It's very, interesting work. People keep wondering about production use. What th...

It's very, interesting work. People keep wondering about production use. What they don't realize (or maybe do) is that going from high-level descriptions to efficient execution on imperative GPU's is solving a series of NP-hard problems, like ASIC synthesis. A few tools, like Cray's Chapel, do a pretty good job when given more specific information, though.

My background was high-assurance systems that are provably correct. The field found that designing something for easy analysis and verification was the opposite of for efficiency. So, the solution became to verify the high-level description (formal specifications) first. Then, verify equivalence to a lower-level, efficient form which was probably designed side by side with the other one to make that easier.

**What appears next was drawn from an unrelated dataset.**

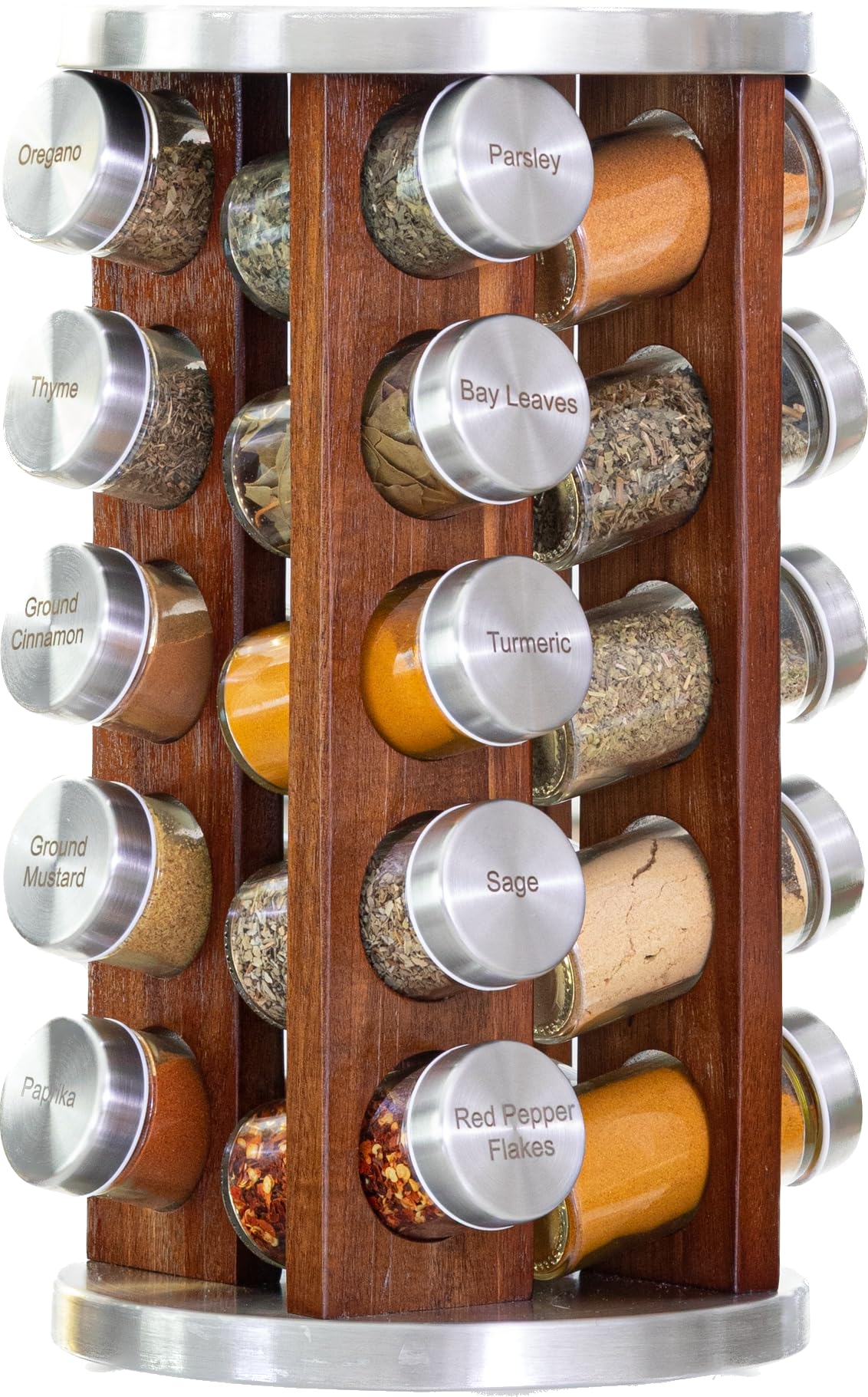 Orii 20 Jar Rotating Dark Acacia Wood Spice Rack with Spices Included & 5-Year Spice Refill Program – Rustic Wood Countertop Spice Rack with Glass Jars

Having only read the abstract and example code, I see your work being most valuable as what we called an "executable, spefication language." Those were specs or models close to original, mathematical description that could actually run for exploration and testing. They were also, in theory, easy to modify by the researcher who could focus on intended behavior rather than low-level code.

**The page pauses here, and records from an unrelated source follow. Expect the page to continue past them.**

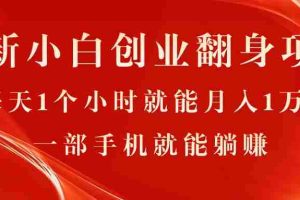（11250期）最新小白创业翻身项目，每天1个小时就能月入1万+，0门槛，一部手机就能…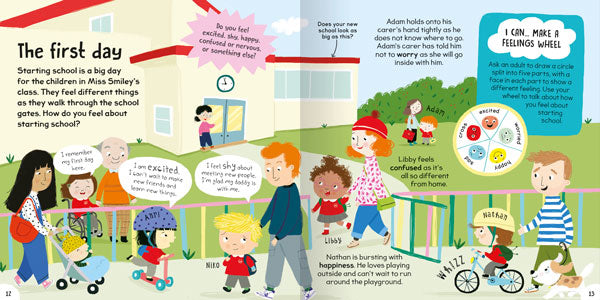 Example page from First Things I Can Do Going to School is called The First Day. It shows an illustrated scene of children on their way to school. on bikes, scooters, with parents, with childminders.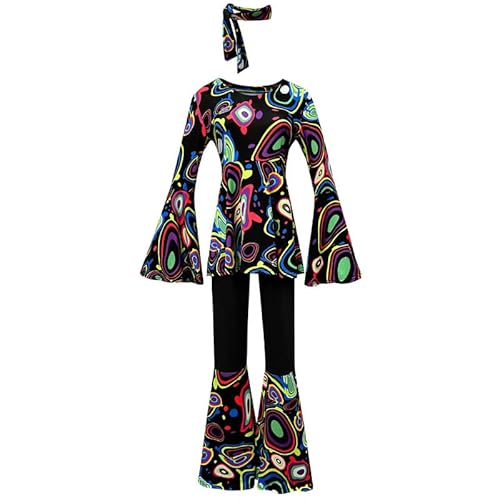 Runstarshow 60er Jahre Faschingskostüm für Damen 70er Jahre Disco Hippie Outfit 80er Jahre Halloween Kostüme Glockenärmel Oberteil Schlaghose mit Stirnband S-XXL von Runstarshow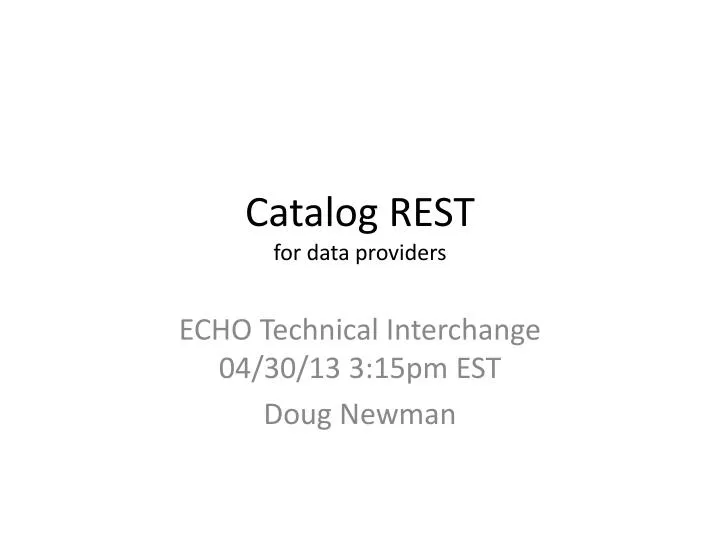 catalog rest for data providers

You are already using transformations to produce low-level implementation. My brainstorm would be to do a bottom-up approach of making common operations on GPU's, in libraries like Jax, and rules about how to integrate them. Then, synethesize combinations of them with constraints on combinations with the system further specializing the components as it went on. (It will be interesting to see what you did.)

I think HLS on ASIC's, Cray's Chapel, and high-level libraries in machine learning show such an approach could make implementations fast enough to test theories on small models. I think someone should build on these concepts trying to connect them to primitives in Chapel or Jax or something already designed to itself synthesize or abstract away many low-level details. Then, implement pieces of common, useful models in it with pre-synthesized implementations.

Shorter version: I think it's neat work.worth further exploration which might accelerate development and validation of ML algorithms even with sub-optimal, runtime performance.

(And I still haven't read the papers. This is just independent brainstorming I do first to see if our ideas are converging any which has its own value.)